#### [About this exercise]
For the entries below, the expected answer is the line with "Orange Big Flowers", the line with "GoodHome Mosaïque Pour", and every line between them, exactly as written, and nothing more.

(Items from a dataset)

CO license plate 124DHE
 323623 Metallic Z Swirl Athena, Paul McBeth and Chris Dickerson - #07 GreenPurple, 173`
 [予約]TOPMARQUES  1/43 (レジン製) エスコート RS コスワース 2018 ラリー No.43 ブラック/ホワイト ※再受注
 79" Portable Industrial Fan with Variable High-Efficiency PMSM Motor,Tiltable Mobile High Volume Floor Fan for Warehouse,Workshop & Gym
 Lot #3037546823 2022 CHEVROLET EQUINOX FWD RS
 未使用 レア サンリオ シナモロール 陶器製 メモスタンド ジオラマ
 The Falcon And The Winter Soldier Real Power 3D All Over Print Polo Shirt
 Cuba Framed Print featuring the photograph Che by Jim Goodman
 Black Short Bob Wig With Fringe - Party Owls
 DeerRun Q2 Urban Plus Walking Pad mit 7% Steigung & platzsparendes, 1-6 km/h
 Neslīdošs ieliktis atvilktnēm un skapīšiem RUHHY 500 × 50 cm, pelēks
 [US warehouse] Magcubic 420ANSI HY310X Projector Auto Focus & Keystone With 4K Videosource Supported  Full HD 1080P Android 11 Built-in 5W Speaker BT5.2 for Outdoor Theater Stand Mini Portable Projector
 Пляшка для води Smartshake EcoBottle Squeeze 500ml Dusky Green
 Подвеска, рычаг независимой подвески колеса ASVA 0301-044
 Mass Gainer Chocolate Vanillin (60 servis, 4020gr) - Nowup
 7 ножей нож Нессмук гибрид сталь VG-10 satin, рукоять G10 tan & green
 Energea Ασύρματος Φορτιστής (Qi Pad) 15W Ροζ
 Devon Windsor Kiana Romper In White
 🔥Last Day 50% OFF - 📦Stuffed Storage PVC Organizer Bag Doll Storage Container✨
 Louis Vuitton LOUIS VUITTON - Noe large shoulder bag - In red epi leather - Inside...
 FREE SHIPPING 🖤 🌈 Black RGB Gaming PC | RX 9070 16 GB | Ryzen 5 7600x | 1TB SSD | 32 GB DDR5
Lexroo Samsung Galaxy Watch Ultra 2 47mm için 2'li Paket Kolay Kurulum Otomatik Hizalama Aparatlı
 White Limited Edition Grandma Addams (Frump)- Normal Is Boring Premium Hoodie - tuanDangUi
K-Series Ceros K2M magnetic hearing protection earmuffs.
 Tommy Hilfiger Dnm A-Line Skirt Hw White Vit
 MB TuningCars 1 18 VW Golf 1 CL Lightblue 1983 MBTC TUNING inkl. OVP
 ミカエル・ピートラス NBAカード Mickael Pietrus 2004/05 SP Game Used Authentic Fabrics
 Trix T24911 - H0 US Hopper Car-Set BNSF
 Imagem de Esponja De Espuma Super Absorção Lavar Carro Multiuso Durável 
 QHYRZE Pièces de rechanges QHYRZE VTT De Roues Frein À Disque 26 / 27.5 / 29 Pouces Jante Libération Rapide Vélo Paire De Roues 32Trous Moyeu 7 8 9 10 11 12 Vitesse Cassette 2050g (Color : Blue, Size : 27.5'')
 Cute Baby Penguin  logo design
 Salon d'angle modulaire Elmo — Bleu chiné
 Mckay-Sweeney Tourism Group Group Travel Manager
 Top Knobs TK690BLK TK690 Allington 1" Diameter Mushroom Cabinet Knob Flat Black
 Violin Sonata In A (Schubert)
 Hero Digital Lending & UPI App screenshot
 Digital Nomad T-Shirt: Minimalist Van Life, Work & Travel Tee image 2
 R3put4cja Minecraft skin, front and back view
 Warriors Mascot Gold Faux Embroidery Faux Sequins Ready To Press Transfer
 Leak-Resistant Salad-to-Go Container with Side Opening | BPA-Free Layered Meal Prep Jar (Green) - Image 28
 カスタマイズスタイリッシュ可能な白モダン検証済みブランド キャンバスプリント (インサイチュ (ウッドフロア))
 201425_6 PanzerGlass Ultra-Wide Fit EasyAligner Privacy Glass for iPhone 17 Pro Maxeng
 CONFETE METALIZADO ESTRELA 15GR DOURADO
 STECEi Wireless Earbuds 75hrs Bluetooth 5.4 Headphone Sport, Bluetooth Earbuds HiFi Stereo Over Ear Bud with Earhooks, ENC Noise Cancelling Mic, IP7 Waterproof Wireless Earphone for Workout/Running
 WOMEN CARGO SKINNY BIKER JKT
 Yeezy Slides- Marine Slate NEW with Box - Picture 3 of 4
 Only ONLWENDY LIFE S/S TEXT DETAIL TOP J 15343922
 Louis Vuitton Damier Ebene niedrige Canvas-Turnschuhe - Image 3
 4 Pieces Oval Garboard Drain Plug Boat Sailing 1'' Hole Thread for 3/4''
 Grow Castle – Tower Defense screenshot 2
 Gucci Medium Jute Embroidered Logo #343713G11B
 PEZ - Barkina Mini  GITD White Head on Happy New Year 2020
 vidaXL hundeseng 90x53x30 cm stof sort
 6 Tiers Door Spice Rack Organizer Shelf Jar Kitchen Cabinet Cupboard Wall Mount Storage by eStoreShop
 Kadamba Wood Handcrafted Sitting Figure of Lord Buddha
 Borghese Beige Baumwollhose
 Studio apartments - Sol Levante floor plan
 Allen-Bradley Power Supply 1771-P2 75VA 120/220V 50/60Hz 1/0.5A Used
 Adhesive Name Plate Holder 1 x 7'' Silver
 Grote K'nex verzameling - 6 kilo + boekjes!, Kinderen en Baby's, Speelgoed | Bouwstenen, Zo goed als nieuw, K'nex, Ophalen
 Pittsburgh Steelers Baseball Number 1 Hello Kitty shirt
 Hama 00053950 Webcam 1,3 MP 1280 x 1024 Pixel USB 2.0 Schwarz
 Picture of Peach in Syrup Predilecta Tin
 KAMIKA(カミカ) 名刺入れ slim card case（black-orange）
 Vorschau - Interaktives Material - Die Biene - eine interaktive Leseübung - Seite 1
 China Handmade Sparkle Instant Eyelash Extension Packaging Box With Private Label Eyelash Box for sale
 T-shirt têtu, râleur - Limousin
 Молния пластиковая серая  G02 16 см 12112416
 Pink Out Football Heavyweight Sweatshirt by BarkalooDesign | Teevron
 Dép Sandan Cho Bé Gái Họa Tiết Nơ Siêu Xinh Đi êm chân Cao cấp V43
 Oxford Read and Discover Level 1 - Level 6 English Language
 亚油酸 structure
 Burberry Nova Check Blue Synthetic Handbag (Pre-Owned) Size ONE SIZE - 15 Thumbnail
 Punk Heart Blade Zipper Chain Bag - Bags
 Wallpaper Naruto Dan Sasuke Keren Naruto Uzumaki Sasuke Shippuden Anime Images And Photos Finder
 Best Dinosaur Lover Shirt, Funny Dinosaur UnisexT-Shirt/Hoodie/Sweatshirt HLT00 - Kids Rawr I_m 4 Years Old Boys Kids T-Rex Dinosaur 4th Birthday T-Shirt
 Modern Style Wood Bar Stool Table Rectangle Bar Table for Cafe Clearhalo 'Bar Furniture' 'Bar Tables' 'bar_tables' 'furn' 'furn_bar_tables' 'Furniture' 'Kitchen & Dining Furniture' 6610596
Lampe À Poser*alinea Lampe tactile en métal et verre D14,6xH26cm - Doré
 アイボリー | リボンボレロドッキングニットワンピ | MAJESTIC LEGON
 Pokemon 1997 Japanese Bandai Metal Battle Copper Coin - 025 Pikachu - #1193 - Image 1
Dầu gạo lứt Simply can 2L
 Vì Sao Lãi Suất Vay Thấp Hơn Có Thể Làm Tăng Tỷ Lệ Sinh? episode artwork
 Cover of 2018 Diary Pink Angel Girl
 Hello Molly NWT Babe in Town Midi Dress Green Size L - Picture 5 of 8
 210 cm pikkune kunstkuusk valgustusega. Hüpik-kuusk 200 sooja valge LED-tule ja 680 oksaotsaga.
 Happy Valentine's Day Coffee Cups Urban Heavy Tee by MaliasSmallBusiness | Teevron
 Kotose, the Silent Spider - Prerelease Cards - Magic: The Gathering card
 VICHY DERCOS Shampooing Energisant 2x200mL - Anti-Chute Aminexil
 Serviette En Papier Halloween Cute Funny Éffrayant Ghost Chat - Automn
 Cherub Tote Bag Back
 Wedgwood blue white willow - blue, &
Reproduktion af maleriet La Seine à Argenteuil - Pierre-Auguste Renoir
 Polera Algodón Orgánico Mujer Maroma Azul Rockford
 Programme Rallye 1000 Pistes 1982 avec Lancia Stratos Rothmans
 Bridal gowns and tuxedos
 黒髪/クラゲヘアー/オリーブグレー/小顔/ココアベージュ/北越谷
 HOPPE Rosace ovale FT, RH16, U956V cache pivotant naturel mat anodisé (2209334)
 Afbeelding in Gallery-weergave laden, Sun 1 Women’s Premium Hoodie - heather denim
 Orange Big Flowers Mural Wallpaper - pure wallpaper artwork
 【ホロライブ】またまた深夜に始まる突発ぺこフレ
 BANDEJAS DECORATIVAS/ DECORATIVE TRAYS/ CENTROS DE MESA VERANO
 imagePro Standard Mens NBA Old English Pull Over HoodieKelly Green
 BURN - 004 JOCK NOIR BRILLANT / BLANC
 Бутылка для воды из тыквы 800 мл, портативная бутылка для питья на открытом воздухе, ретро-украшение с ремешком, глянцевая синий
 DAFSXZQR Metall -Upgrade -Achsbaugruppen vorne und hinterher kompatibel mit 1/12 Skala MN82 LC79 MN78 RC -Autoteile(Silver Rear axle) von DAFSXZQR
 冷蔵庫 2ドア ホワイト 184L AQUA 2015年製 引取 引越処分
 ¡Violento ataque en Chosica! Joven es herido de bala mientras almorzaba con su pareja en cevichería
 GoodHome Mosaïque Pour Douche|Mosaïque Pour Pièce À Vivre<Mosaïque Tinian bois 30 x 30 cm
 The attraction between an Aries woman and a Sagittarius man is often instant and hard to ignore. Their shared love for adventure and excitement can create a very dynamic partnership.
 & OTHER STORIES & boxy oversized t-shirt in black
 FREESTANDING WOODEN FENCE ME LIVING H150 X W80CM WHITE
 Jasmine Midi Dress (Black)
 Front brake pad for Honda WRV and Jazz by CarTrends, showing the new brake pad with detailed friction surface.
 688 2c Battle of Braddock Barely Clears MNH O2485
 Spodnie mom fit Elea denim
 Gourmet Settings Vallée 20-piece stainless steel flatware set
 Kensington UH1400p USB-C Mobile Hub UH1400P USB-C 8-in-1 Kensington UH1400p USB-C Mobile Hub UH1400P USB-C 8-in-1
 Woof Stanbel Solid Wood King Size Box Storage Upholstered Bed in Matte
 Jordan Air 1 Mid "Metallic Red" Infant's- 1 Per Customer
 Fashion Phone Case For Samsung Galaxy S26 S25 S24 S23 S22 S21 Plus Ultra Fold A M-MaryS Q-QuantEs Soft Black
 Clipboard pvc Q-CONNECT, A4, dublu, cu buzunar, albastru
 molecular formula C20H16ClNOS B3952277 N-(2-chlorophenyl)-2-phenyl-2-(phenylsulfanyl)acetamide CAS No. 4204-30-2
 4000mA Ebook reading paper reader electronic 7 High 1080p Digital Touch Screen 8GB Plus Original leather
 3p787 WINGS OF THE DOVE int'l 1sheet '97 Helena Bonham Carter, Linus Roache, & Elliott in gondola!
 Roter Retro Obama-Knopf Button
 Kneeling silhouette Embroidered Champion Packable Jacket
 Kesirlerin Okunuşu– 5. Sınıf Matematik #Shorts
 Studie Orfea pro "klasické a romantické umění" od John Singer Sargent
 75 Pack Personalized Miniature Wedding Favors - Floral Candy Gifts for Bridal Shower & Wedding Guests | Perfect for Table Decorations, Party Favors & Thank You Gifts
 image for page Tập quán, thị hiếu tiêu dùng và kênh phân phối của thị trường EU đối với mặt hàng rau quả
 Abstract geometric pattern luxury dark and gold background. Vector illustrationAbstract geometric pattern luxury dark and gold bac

#### [Result of the task]
 Orange Big Flowers Mural Wallpaper - pure wallpaper artwork
 【ホロライブ】またまた深夜に始まる突発ぺこフレ
 BANDEJAS DECORATIVAS/ DECORATIVE TRAYS/ CENTROS DE MESA VERANO
 imagePro Standard Mens NBA Old English Pull Over HoodieKelly Green
 BURN - 004 JOCK NOIR BRILLANT / BLANC
 Бутылка для воды из тыквы 800 мл, портативная бутылка для питья на открытом воздухе, ретро-украшение с ремешком, глянцевая синий
 DAFSXZQR Metall -Upgrade -Achsbaugruppen vorne und hinterher kompatibel mit 1/12 Skala MN82 LC79 MN78 RC -Autoteile(Silver Rear axle) von DAFSXZQR
 冷蔵庫 2ドア ホワイト 184L AQUA 2015年製 引取 引越処分
 ¡Violento ataque en Chosica! Joven es herido de bala mientras almorzaba con su pareja en cevichería
 GoodHome Mosaïque Pour Douche|Mosaïque Pour Pièce À Vivre<Mosaïque Tinian bois 30 x 30 cm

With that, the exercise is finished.